▸ **DATA LISTING**
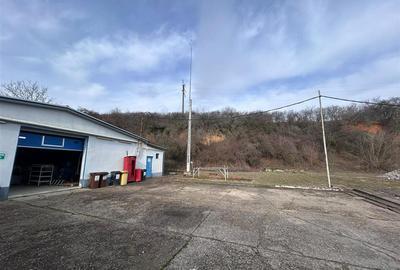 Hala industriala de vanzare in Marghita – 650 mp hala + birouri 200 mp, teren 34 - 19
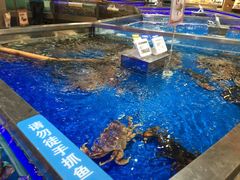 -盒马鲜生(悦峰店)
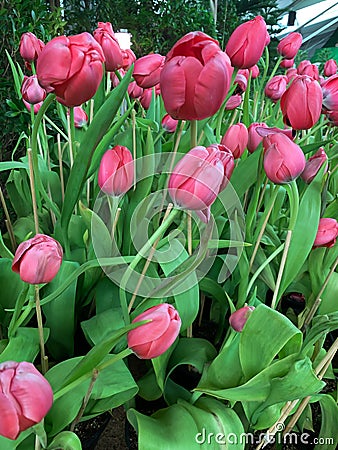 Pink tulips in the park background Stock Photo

---

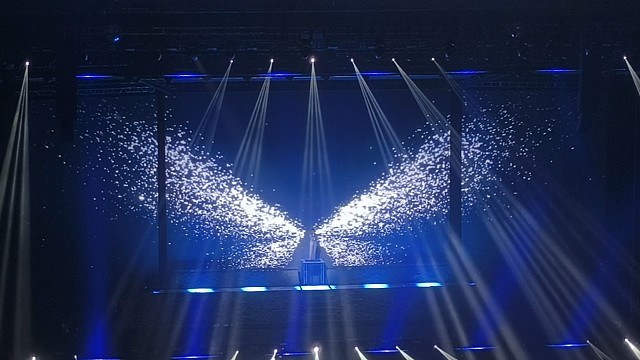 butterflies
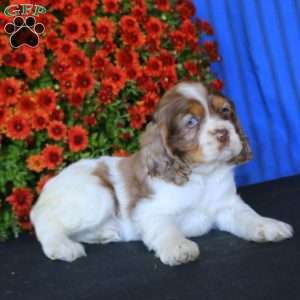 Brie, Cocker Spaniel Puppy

▸ **AIM OF THE TASK**
Using the material above, reproduce only the lines that run from the line with "Hala industriala de" up to and including the line with "Pink tulips in", exactly, with the pictures dropped.

▸ **SOLUTION TO THIS TASK**
 Hala industriala de vanzare in Marghita – 650 mp hala + birouri 200 mp, teren 34 - 19
 -盒马鲜生(悦峰店)
 Pink tulips in the park background Stock Photo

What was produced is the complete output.